Aamed’s jaw noticeably popped from controlled tension. He smiled just as the reflection of the belly dancer’s supple body moved across his dark eyes, and said, “It would seem the time is approaching to kidnap the girl as well.”
“Not yet, not until we have the material. After that, take her. We have takfir -complete authority. Then her father will come without a sound.”
CHAPTER FIFTY-FOUR
“Sean, you’re not going up to Rattlesnake Island tonight, are you?” Abby Lawson asked.
“The kidnappers have given Jason forty-eight hours unless we can produce the rest of the HEU. A few hours have passed already. If the stuff is there, I need to find it before they do.”
“HEU?”
“Highly enriched uranium.
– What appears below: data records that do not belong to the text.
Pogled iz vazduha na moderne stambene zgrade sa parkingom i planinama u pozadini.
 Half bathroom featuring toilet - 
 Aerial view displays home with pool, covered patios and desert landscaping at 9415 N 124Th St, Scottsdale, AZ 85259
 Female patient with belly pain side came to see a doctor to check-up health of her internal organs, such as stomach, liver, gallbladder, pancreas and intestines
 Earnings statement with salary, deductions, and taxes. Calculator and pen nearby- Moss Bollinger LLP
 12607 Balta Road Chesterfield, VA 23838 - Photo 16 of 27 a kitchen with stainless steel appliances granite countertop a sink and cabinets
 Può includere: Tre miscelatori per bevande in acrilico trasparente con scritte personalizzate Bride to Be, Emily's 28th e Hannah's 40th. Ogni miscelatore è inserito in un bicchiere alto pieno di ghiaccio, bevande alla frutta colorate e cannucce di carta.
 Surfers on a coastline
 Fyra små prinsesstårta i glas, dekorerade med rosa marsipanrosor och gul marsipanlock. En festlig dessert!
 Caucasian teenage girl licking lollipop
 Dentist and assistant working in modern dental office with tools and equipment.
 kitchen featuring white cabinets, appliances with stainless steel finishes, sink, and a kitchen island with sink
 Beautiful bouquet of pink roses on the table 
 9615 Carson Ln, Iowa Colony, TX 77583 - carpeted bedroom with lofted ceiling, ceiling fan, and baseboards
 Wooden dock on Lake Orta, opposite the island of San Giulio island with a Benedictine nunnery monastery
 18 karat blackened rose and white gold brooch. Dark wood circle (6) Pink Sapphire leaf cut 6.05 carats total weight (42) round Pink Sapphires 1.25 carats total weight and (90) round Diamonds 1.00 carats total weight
Maybe I can get my bearings, see the lighthouse beam coming through the fort’s watchtower. If I can find what the Germans buried that night, it will corroborate what your grandfather saw.”
Glenda looked at her watch. “It’s almost 8:00. Billy wasn’t killed until almost midnight. If you are trying to follow the evening as close as it was when he saw the men on that beach, you need to wait a few more hours.”
“I don’t have a few more hours.”
“Please,” said Glenda, touching O’Brien’s arm, “stay for coffee. The caffeine will help your vision on Rattlesnake Island. How do you take it?”
“Black’s fine, thanks.”
“Let’s take our coffee out on the back patio for a few minutes. It’s such a nice evening. I’ll tell you a quick story about Billy.”
O’Brien started to excuse himself to leave, but her face was aglow with trust, her spirit rising above the cancerous tissue and signaling the need to be heard-for Billy to be understood.
“Okay,” O’Brien said.
“Good,” nodded Glenda, holding her coffee cup in two weathered hands and stepping to a door leading into the backyard.
Abby beamed a wide smile. “We’ll join you outside in a moment, Grandma.” The old woman smiled and started humming as she walked slowly to the French doors. “My grandmother is humming, Sean. She only does that when she’s very comfortable. She’s at ease around you. She likes you and believes you can help.”
“She never remarried, right?”
Abby held her eyes on O’Brien, and then she looked at the photograph on the wall for a second before letting her gaze drift back up to O’Brien’s face. “She never found the right man. Not that she would compare every fella to Granddad. She knew what she wanted, what she had, and she didn’t want to compromise or settle for less.”